Heboh Bendera Prabowo Diterbangkan di HUT ke-81 RI, Mensesneg: Bentuk Kebanggaan
JAKARTA, GENVOICE.ID -Aksi simbolis pembentangan bendera bergambar Presiden Prabowo Subianto saat peringatan Hari Ulang Tahun (HUT) ke-81 Republik Indonesia di Jakarta menarik perhatian masyarakat umum. Fenomena ini memicu berbagai tanggapan publik terkait batasan ekspresi warga negara dalam acara kenegaraan.
Menanggapi hal tersebut, pihak Istana Negara menyampaikan penjelasan resmi guna mengklarifikasi sudut pandang pemerintah mengenai momentum pertunjukan udara dan apresiasi terhadap penguatan alutsista nasional.
Tanggapan Resmi Pihak Istana Terhadap Aksi Pengibaran Bendera
Menteri Sekretaris Negara, Prasetyo Hadi, memberikan tanggapan langsung mengenai bendera bergambar Presiden Prabowo Subianto yang turut diterbangkan dalam rangkaian perayaan HUT ke-81 RI di Jakarta. Prasetyo menilai aksi tersebut bukanlah sesuatu yang perlu dipersoalkan secara negatif, melainkan harus dipahami sebagai bentuk kebanggaan dan ekspresi terima kasih dari sebagian warga masyarakat.
Menurutnya, rasa bangga tersebut muncul atas komitmen berkelanjutan Prabowo dalam memperkuat benteng pertahanan nasional, sebuah upaya yang telah dirintis sejak ia mengemban amanat sebagai Menteri Pertahanan hingga resmi memimpin sebagai Presiden Republik Indonesia.
Demonstrasi Udara Rafale dan Unjuk Kebolehan Penerbang Muda
Dalam kesempatan yang sama, Prasetyo menyinggung atraksi udara yang menjadi salah satu agenda utama dalam peringatan hari kemerdekaan tersebut. Kehadiran sejumlah pesawat tempur Rafale yang baru tiba di tanah air menjadi daya tarik utama dalam demonstrasi udara di langit Jakarta.
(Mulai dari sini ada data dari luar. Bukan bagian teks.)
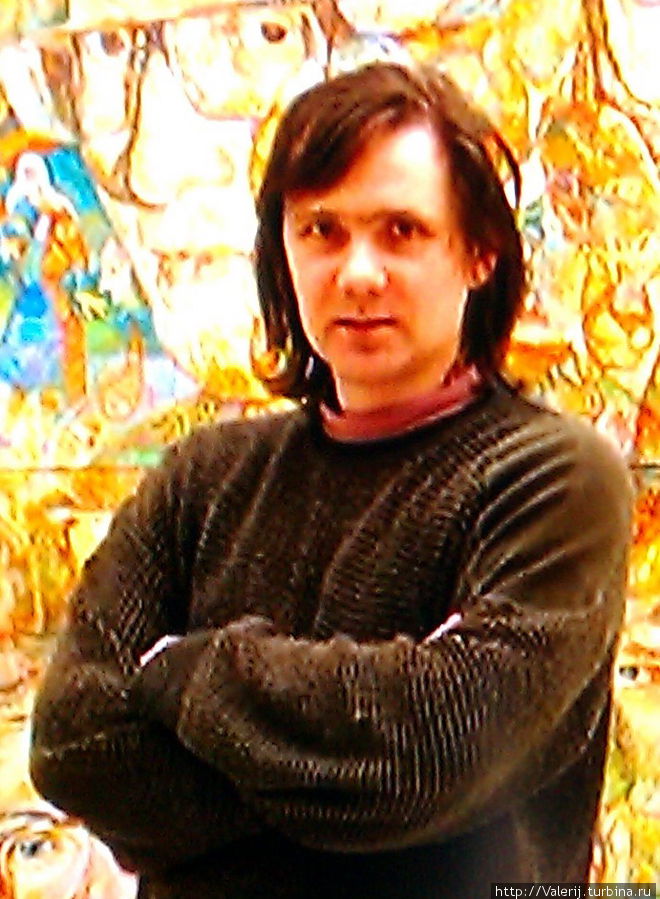 Олег Лазаренко — автор работ, которые выставлены на выстаке. Харьков, Украина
Namun, ia menekankan bahwa pencapaian terbesar bangsa Indonesia bukan sekadar pada kepemilikan alutsista generasi baru yang canggih tersebut. Hal yang jauh lebih krusial dan membanggakan adalah fakta bahwa seluruh pesawat tempur canggih tersebut dikemudikan langsung oleh empat perwira penerbang terbaik putra bangsa.
Bagi pemerintah, kesiapan serta penguasaan teknologi tinggi oleh SDM dalam negeri merupakan aspek yang jauh lebih bernilai dan tidak mudah untuk dicapai.
Peran Strategis Alutsista Modern untuk Misi Kemanusiaan dan Bencana
Lebih lanjut, Prasetyo menjelaskan bahwa strategi modernisasi alutsista tidak hanya berfokus pada fungsi pertahanan kedaulatan dan militer semata, tetapi juga dirancang untuk mendukung misi kemanusiaan.
Mengingat kondisi geografis Indonesia yang berada di jalur ring of fire dan rawan terdampak bencana alam yang tidak terduga, keberadaan armada udara modern seperti pesawat angkut strategis A400 memiliki peran yang sangat vital.
Penggunaan armada tersebut telah terbukti efektif dalam mempercepat pergerakan dan distribusi bantuan logistik secara cepat ke wilayah-wilayah terdampak bencana, sebagaimana yang telah diimplementasikan dalam penanganan darurat di wilayah Sumatra hingga Nusa Tenggara Timur (NTT).
Secara keseluruhan, tanggapan pihak Istana menggarisbawahi bahwa apresiasi masyarakat dan pameran kekuatan alutsista pada HUT ke-81 RI merupakan refleksi dari kemajuan pertahanan nasional.
Integrasi antara alutsista berteknologi tinggi, kesiapan prajurit TNI, dan kemanfaatannya bagi penanggulangan bencana menjadi bukti nyata dari komitmen pemerintah dalam menjaga kedaulatan serta keselamatan seluruh rakyat Indonesia.